»J'insisterai sur ce dernier point parce que je crois qu'en effet notre flotte dans la Méditerranée pourrait sans inconvénient peut-être ne pas sortir pendant cette saison actuelle.

»Le cabinet anglais n'aura pas lieu de s'en plaindre, puisqu'il ne nous a pas formellement invités à mettre nos vaisseaux en mer, et que d'ailleurs nous entretenons une armée considérable qui serait d'un grand poids dans la balance, si plus tard on devait en venir à une rupture ouverte dans l'Orient. Ce serait au moins un équivalent de la flotte anglaise, car il est indubitable qu'alors la guerre se ferait sur le Rhin autant que dans la mer Noire.
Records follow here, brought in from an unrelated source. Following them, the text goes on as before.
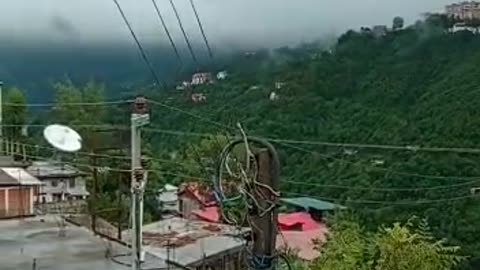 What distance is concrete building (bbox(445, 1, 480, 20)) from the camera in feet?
88.2

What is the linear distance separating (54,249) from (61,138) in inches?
70.1

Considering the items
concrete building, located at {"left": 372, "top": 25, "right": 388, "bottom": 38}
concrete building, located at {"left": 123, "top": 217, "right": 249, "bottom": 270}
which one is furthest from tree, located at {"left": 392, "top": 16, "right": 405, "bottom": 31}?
concrete building, located at {"left": 123, "top": 217, "right": 249, "bottom": 270}

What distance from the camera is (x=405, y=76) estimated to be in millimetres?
21969

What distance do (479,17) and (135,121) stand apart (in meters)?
24.7

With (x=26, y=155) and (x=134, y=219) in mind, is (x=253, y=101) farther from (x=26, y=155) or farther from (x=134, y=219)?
(x=134, y=219)

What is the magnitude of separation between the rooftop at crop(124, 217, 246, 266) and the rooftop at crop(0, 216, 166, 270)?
1.45 ft

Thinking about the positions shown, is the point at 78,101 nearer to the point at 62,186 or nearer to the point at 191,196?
the point at 191,196

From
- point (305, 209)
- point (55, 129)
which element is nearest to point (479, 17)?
point (305, 209)

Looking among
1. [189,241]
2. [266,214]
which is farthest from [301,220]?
[266,214]

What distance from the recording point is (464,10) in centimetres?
2859

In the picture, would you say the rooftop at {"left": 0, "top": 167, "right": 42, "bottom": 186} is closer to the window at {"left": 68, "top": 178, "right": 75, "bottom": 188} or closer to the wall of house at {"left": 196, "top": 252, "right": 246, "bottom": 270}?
the wall of house at {"left": 196, "top": 252, "right": 246, "bottom": 270}

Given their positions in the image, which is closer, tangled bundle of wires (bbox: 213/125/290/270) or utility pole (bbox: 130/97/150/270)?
tangled bundle of wires (bbox: 213/125/290/270)

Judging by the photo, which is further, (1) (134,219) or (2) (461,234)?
(2) (461,234)

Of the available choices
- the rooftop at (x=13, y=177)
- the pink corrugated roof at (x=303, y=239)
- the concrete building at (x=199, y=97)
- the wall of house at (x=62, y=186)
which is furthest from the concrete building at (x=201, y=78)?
the wall of house at (x=62, y=186)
»Cette raison, qui nous justifie très bien aux yeux de l'Angleterre, ne me paraît pas devoir être moins puissante devant les Chambres et devant l'opinion publique en France.

»Nous devons espérer de plus que les cabinets du Nord nous sauraient quelque gré d'éviter une démarche qui d'ailleurs est superflue pour démontrer l'union de l'Angleterre et de la France aujourd'hui qu'elle est constatée d'une manière si éclatante aux yeux de l'Europe.»

«Londres, le 7 juillet 1834.

»... J'ai appris avec beaucoup de satisfaction que les affaires de Suisse avaient pris une meilleure tournure; il est à espérer que les tracasseries du cabinet autrichien cesseront devant les résolutions définitives de la diète helvétique. Celles-ci seront sans doute conçues dans des termes assez conciliants pour offrir aux gouvernements d'Autriche, de Sardaigne, de Bavière, de Wurtemberg et de Bade un moyen honorable de revenir sur les singulières prétentions qu'ils avaient mises en avant.

»Vous avez vu que lord Palmerston s'était exprimé avec le chargé d'affaires d'Autriche de manière à le convaincre que l'Angleterre ne s'était point séparée de nous dans cette question. Lord Palmerston a compris qu'il s'agit ici, comme vous le faisiez très bien remarquer, monsieur le comte, des principes sur lesquels repose l'alliance de la France et de la Grande-Bretagne. L'Autriche a voulu essayer jusqu'à quel point nos deux cabinets supporteraient ses exigences; il était utile qu'elle nous trouvât bien résolus dans ce premier essai.

»J'ai communiqué à lord Palmerston la note que vous avez chargé M. Alleye[242] de remettre à la diète germanique en réponse à celle du 12 juin. Il m'a beaucoup remercié de cette communication, et il juge la note si parfaitement convenable qu'il se propose de faire répondre M. Cartwright[243] à peu près dans les mêmes termes.

»Votre manière d'envisager la lutte entre le comte d'Armansperg[244] et les autres membres de la régence est complètement partagée par le cabinet anglais qui continuera à appuyer de tous ses efforts le comte d'Armansperg[245]. Je suis porté à croire que le roi de Bavière lui-même maintiendra le comte à la tête de la régence, attendu qu'il désire ainsi que M. de Gise, son ministre des affaires étrangères, tenir M. d'Armansperg éloigné de la Bavière aussi longtemps que possible.

»Je viens d'être prévenu par le ministre de Portugal à Londres qu'on avait remis le 21 juin à M. le baron Mortier les nouvelles ratifications portugaises au traité du 22 avril. Aussitôt qu'elles vous seront parvenues, monsieur le comte, vous voudrez bien remettre les anciennes à M. le chevalier de Lima[246] qui est chargé de les renvoyer en Portugal. Je suis bien aise que cette affaire se soit heureusement arrangée par les moyens que nous avons employés; elle nous avait fort embarrassés à l'époque des échanges.